Neptune-Crypto / neptune-core

anonymous peer-to-peer cash
Apache License 2.0
25 stars 7 forks source link

Mutator Sets: Merkleize the entire SWBF #71

Closed aszepieniec closed 3 months ago

aszepieniec commented 10 months ago

The current Mutator Set design conflates two things that are conceptually distinct. Both of them are referred to by the name "active window".

  1. The sliding window, which is the interval in the infinite bit array in which a given addition record defines $k$ locations. The sliding window is different for each batch of $b$ addition records.
  2. The plain, which is the tailing portion of the sliding window Bloom filter (SWBF) that is represented explicitly and not compressed with a Merkle mountain range.

The reason why the the current sliding window was represented explicitly by the MutatorSetAccumulator is the implicit assumption that most transactions spend relatively new UTXOs. As a consequence, a lot of work related to the Merkle mountain range can be saved by not Merkleizing the tail where most of the activity is expected to happen. This is an assumption though; future data might or might not bear it out. And even if it does, it is by no means clear that the optimal portion of the SWBF to be represented explicitly matches exactly with the current sliding window.
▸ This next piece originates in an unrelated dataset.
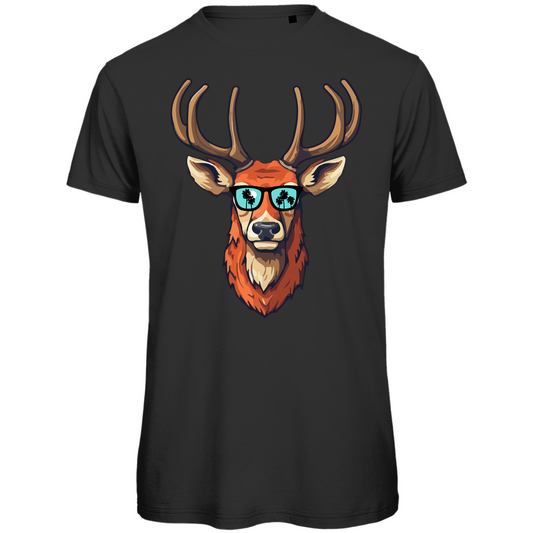 #001 Hirsch, Herren Premium Bio T-Shirt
This issue entails rewriting the Mutator Set such that:

The realization that the tailing part of the SWBF might as well be Merkleized opens up intriguing lines of thought:

dan-da commented 10 months ago

From the point of view of the passive verifier, it reduces the cost. This allows for a larger active window, which (is necessary to support a larger batch size, which) increases anonymity.

Can you quantify how much it increases anonymity vs status quo?

aszepieniec commented 10 months ago

Every removal record (transaction input) gives the outside observer a fuzzy timestamp on the matching addition record (transaction output). This fuzzy timestamp identifies a range of plausible addition records. One way to quantify the anonymity is to look at the information entropy of the uniform distribution over this range. By this metric, an anonymity of 4 bits corresponds to a ring size of 16.

The current parameter set ($w = 2^{20}, s = 2^{12}, b = 2^3$, for window size, step size, and batch size, respectively) generates this graph, which captures the frequency with which a given entropy is observed. (Note that every removal record generates a probability distribution, and that two such probability distributions may have distinct entropies.)

image

It says that the minimum entropy is 3 (corresponding to batch size 8). However, on (geometric) average the entropy is slightly more than 5, corresponding to ring size 32.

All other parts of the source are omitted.